# Reliance Net users : which is the unlimited download scheme?



## trivisingh (Feb 10, 2005)

Hi,

I am from Mumbai and I am looking to get a "broadband" connection. anyway the important thing for me is that the connection should be uncapped. I remember somebody saying that there is a reliance platinum scheme which offers unlimited net connection at 1500/- per month. can somebody give me the details on this and what will I need to do to get the connection as I dont have a reliance phone. can I get this connection at reliance webworld centres.

thanks


----------



## GNUrag (Feb 10, 2005)

Hi,
Please use the sticky thread in the general discussions section for more information on broadband schemes available.


----------



## din (Feb 10, 2005)

*Re: Reliance Net users : which is the unlimited download sch*



			
				trivisingh said:
			
		

> Hi,
> ....
> I remember somebody saying that there is a reliance platinum scheme which offers unlimited net connection at 1500/- per month. .....
> thanks


Reliance Platinum plan
Total - Rs. 1500 + tax will come to 1650 per month nearly  
Initial deposit - 800 + 1500 I think , out of which 1500 , u will get it back ( deposit )
Speed - Usually 30 - 50 kbps up / down , Downloading 10 KBps , it is a good option ,  ( from my experience , could download about 15 CDs last month ) 
Downtime - Total was 30 mins ( 15 + 15 ) last month - for me
U will get the conn same day u apply ( mostly )
In this forum go4inet , ranjithbajpe and din use platinum plan .
Overall opinion ( form my side ) - May not b the best , but nice plan and service . 
Read more about the plan at 
*www.relianceinfo.com/Infocomm/Rim/rconnect_tariffs_details.html

.


----------



## trivisingh (Feb 10, 2005)

thanks for the detail, din. it sure looks like a good option especially since I am more interested in an uncapped connection. having a broadband connection is of no use if you are limited to a couple of GBs per month


----------



## daj123 (Feb 10, 2005)

call up your local cable operator. he might have some good plans.


----------



## lavanian (Feb 12, 2005)

"Reliance...Speed - Usually 30 - 50 kbps up / down , Downloading 10 KBps , it is a good option , ( from my experience , could download about 15 CDs last month ) "

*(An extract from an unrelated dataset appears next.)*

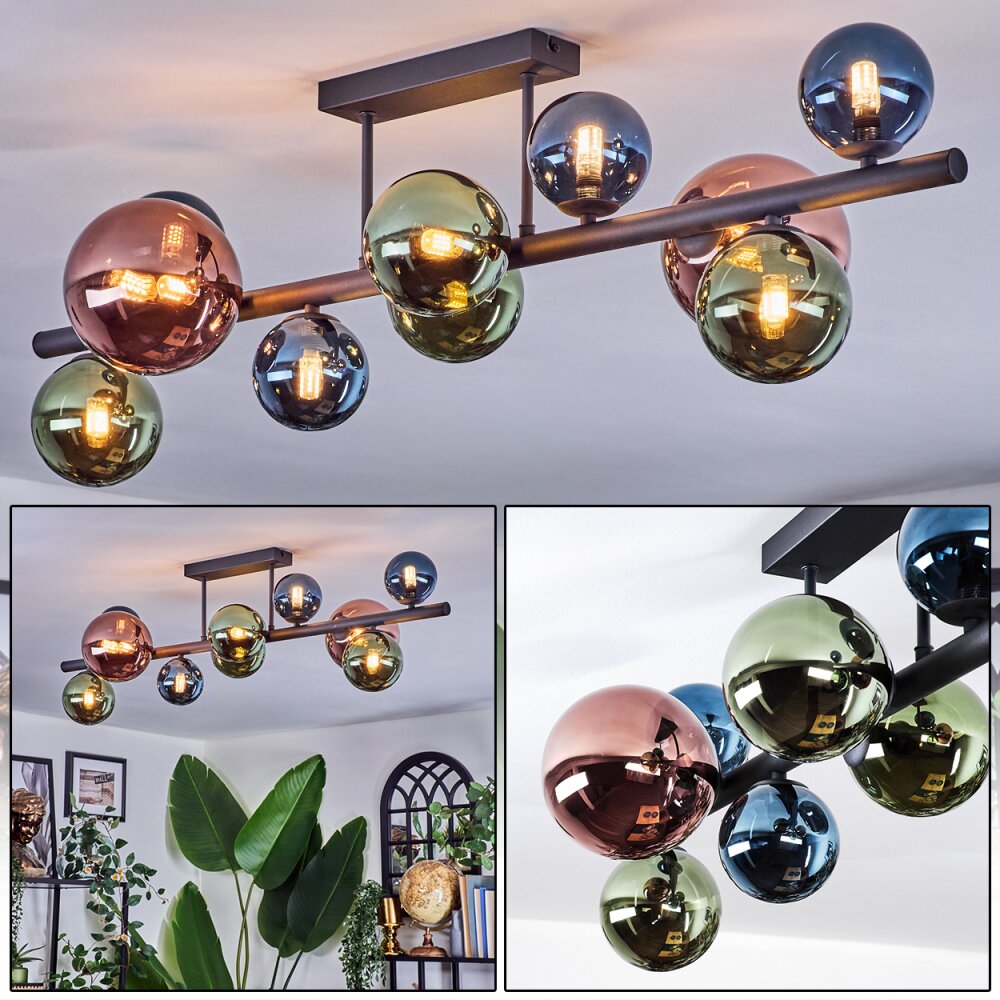 Chehalis Lampa sufitowa, Kula świetlna Niebeieski, Zielony, W kolorze miedzi, 10-punktowe main product photo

....Thats bad!! A broad band connection should have a cap of 256 KBPS up/down ....instead try BSNL broadband , though I'v not tried it , I believe it is FAST... Any one's tried BSNL's Rs 500 Per month 256 K connection??[/list]


----------



## bharathbala2003 (Feb 12, 2005)

broadband broadband broadband!!!!!!!!!!!!!!!!!! this is wat iam seein in this forum.. guys y not u SEARCH the FORUMS B4 pasting!!!!!!!!! all broadband stuffs are in the thread below 

*www.thinkdigit.com/forum/viewtopic.php?t=14034


----------



## lavanian (Feb 12, 2005)

oops


----------



## lavanian (Feb 12, 2005)

oops


----------